To include the constraints (1) and (2), we adopt the following procedure: the positions of the atoms are initially determined by the parametric deconvolution process described in the previous section, and rounded to an integer multiple of lattice sites. We subsequently produce an array of all combinations of distances between atoms, where each distance is let vary by ±1 lattice site with respect to the initial estimate. Furthermore, we exclude all combinations where two atoms occupy the same lattice site. For each combination of distances, we perform a nonlinear least squares minimization of equation (16) with the amplitudes Al and the lattice position offset ${\delta }_{{\rm{L}}}$ as the only free parameters. We finally choose the combination of distances with the maximum likelihood, which provides us with the best guess of the positions of atoms. Moreover, the ${\chi }^{2}$ distribution of the sum of squared residuals (see equation (16)) allows us to perform a likelihood-ratio test (e.g., Neyman–Pearson lemma) that rejects the reconstructed positions if the statistical confidence lies below a certain specified value. A related approach has also been reported in [11], however, without discussing how noise contributions are handled in the deconvolution problem.
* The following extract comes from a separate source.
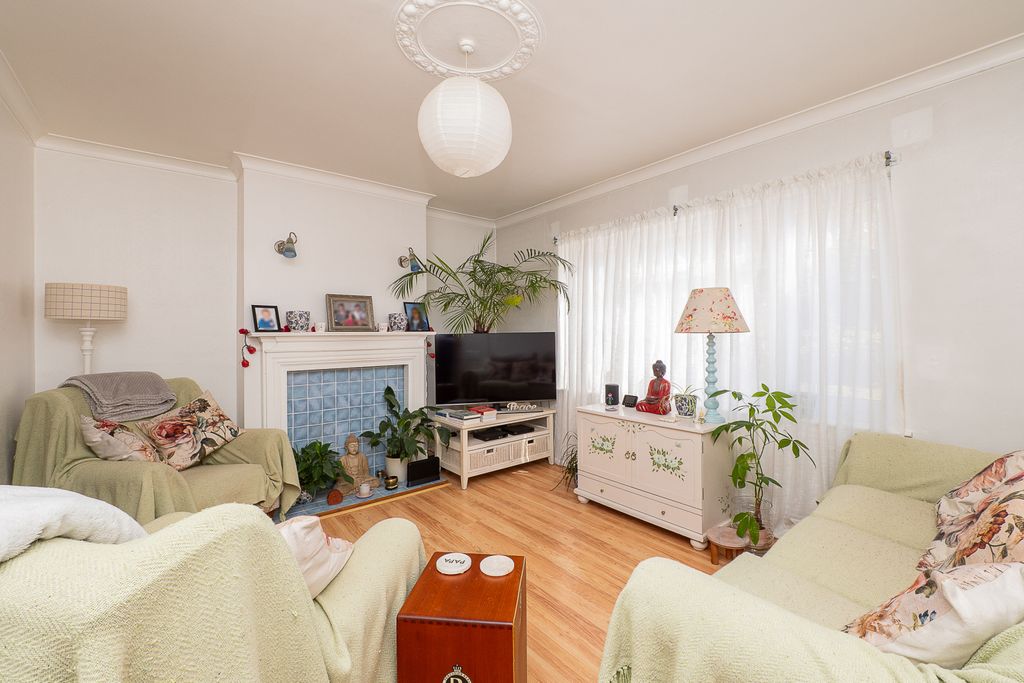 Property photo 2 of 13 Picture No. 04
In order to quantitatively benchmark the reliability of the discrete deconvolution method against the continuous one presented in the previous section, we employ Monte Carlo simulations of fluorescence images, which provide large statistics and the exact knowledge of the true positions. To simulate a pattern of atoms in the lattice, the model distribution in equation (12) is used to construct the fluorescence images, where the noise is randomly drawn to reproduce shot noise fluctuations of the fluorescence signal and the background noise distribution shown in figure 7. Our Monte Carlo simulations also incorporate the stochastic fluctuations produced by the EM register. In particular, we simulated four atoms equally spaced with the spacing varying from one to nine lattice sites. Figure 11 shows the success rate in determining the correct distance between the four atoms. The analysis of simulated images shows that the success rate of the continuous parametric deconvolution rapidly decreases for separations smaller than the Abbe radius ${r}_{{\rm{A}}}$ (diffraction limit). The drop in the success rate is even more evident when a Gaussian function is used instead of the precisely reconstructed LSF ${L}_{\mathrm{CCD}}$, see section 4.1. In contrast, it is remarkable that the success rate of the discrete parametric deconvolution remains above 90% for almost all lattice filling factors. Moreover, the success rate even increases at unity filling since the number of possible configurations of the four atoms is strongly reduced.

Figure 11.

Figure 11. Success rates of finding the correct distances between four atoms equally spaced using different parametric deconvolution methods. Note that the success rates refer to the correct identification of all three distances separating the four atoms. For each point, we analyze 10 000 simulated images of four atoms with equidistant separations ($1\;{\rm{s}}$ exposure time). The solid line includes the constraints on the atoms' positions by the optical lattice, the dashed line refers to the continuous deconvolution method with unconstrained positions, and the dotted–dashed line shows for comparison the success rate when Gaussian functions are used instead of the reconstructed LSF. All fits produce good success rates for separations larger than the Abbe limit (right-hand side), but only the discrete parametric deconvolution method achieves high success rates for all lattice filling factors.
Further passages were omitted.